Let $G = \langle A,B,C,D\rangle$. If $\langle X,Y\rangle$ is free of rank $2$ for every $X\neq Y,X,Y\in \{A,B,C,D\}$, is $G$ free of rank $4$?

Question

Let $G = \langle A, B, C, D\rangle$. If $\langle X, Y\rangle$ is free of rank two for every $X\neq Y, X, Y\in \{A, B, C, D\}$, is $G$ free of rank four?

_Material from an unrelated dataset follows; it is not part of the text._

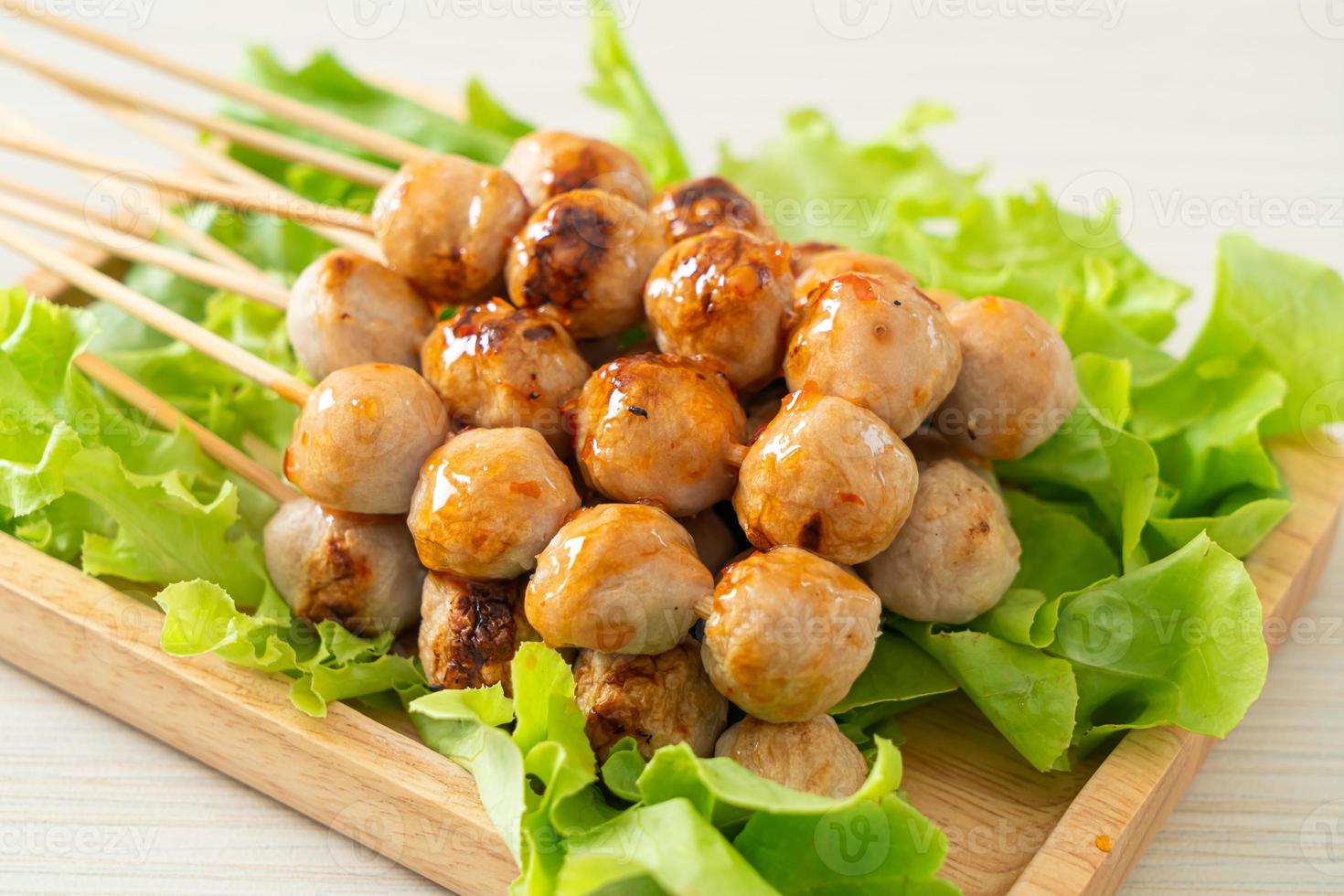 Grilled meatballs skewer with spicy dipping sauce photo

This question was inspired by a lecture in my algebra class where we discussed something somewhat similar :)

Answer 1

No. Let $G$ be free of rank $2$ in $x$ and $y$. Let $A=x$, $B=y$, $C=yxy^{-1}$, and $D=y^2xy^{-2}$. Each of $\langle x,y\rangle$, $\langle x,yxy^{-1}\rangle$, $\langle x,y^{2}xy^{-2}\rangle$, $\langle y,yxy^{-1}\rangle=\langle y,x\rangle$, $\langle y,y^2xy^{-2}\rangle=\langle y,x\rangle$, and $\langle yxy^{-1},y^2xy^{-2}\rangle$ are free of rank $2$, but $\langle x,y,yxy^{-1},y^2xy^{-2}\rangle=\langle x,y\rangle$ is free of rank $2$, not $4$.

Answer 2

Another example: $$G=\langle A,B,C,D|\,\, AB=CD \rangle$$

Then $G$ is a free rank 3 group on any triple from $A,B,C,D$.